One win in last nine? USMNT coach Jurgen Klinsmann explains reasons behind rough patch

Jurgen Klinsmann, US national team (Nov. 18, 2014)

CARSON, Calif. -- The US national team has won just one of its past nine games, dating to the group stage in last summer's World Cup, and is winless in its last five outings after Chile rallied for a 3-2 victory over the Yanks last week.

Fitness, head coach Jurgen Klinsmann noted following Wednesday's defeat in Rancagua, is an issue, just one among many, and according to him it points to the evolution of the USA as a soccer nation.

“In many different ways, [the results are] explainable. The tension drops after the World Cup. I think all of the teams go through that, but I think the more experienced teams, the teams that have far more peer pressure in their environment, they maybe allow themselves to drop 10 or 20 percent and not 30 or 50 percent. That is the difference to what we deal with [in] the aftermath of the World Cup in Brazil.”

That drop-off has shown up in a series of poor second halves to matches, with the US conceding late goals in October draws with Ecuador and Honduras, November defeats to Colombia and Ireland, and when Chile tallied twice in the final 25 minutes as the Americans wasted another early lead.

Klinsmann believes education is paramount, and he's working to ensure his pool understands what they need to do with their club teams and during the offseason.

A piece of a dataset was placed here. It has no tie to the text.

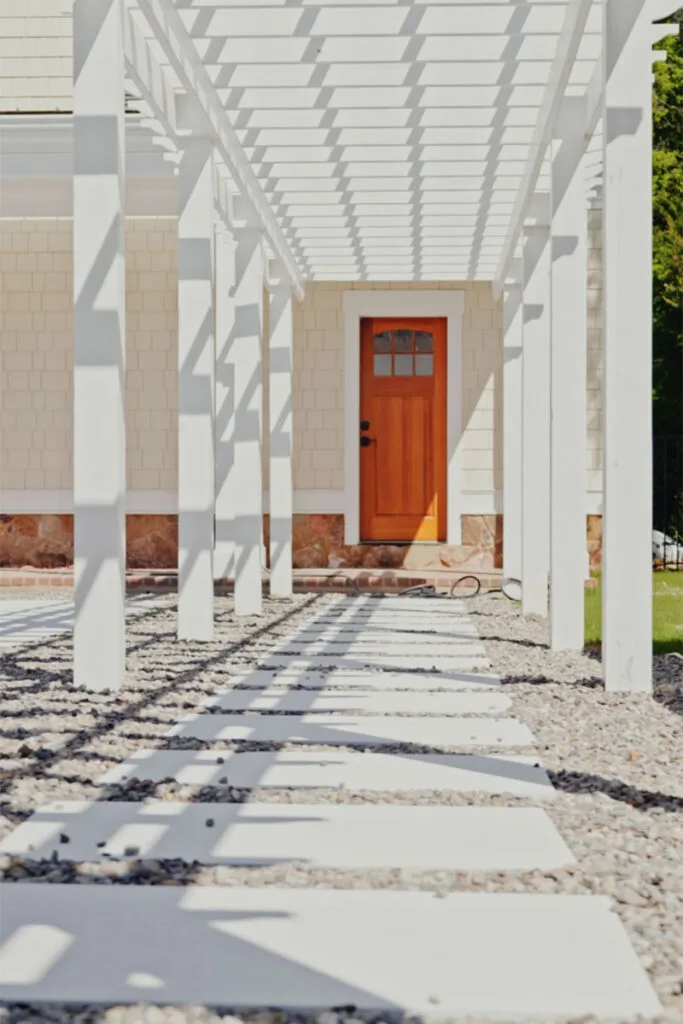 Front view of an orange door with walkways leading to with pergola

“It's an educational topic we try to talk them through. You've got to understand again to take these things in your own hands, and whatever you lack in that moment, when these phases happen, that you have to work yourself back: 'OK, I understand that I'm not where I should be now ... for sure I'm behind now, so I've got to get myself back into pole position,' and that's what they're going through right now. They've lost their pole position because [the World Cup] was a lot for them. [And] our players are not yet in an environment where they actually get put into line right away.”

The current fitness issue is mostly about players coming off of offseason breaks and needing to build fitness, according to Klinsmann. The January camp always has been seen as something of a preseason gathering, but Klinsmann said the friendlies with Chile and Panama on Sunday (4 pm ET, ESPN and UniMas) redefine it as something more. He'd like to see them further along with their fitness when they arrive in camp.

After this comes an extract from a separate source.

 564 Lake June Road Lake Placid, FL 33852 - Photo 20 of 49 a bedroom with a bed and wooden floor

“It's difficult for me now to get them out of vacation. Some of them played their last game in October. In October!” he said. “I want to help them get back into shape, get back into rhythm, but, oh, by the way, we're going to play [two friendlies]. So some learned over time and prepared themselves really well, and some don't have that knowledge yet.

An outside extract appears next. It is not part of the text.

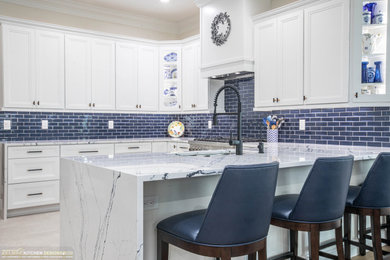 Example of a mid-sized transitional u-shaped porcelain tile kitchen design in Orlando with recessed-panel cabinets, white cabinets, quartz countertops and multicolored countertops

“They don't have that 'oh, OK, at the beginning of December, go to Athletes' Performance in Phoenix and get myself fit.' That culture we don't have yet. What the other sports are doing really well, they use their preparation for preseason, four to six weeks prior to going into preseason with their NBA team, NFL team of whatever, they go to these fitness institutes and they get themselves fit.”

Klinsmann says he and his staff give the players an outline they should follow, “but the culture is not there. They've got all the material. They should have done that [work] twice a day, but reality is still different. Reality is, education-wise, we are not there yet, that they understand, 'Oh, I've got to do this, I've got to do that.' It's a lot to discuss. It's fine. It's just where we are right now, and we want to keep improving.”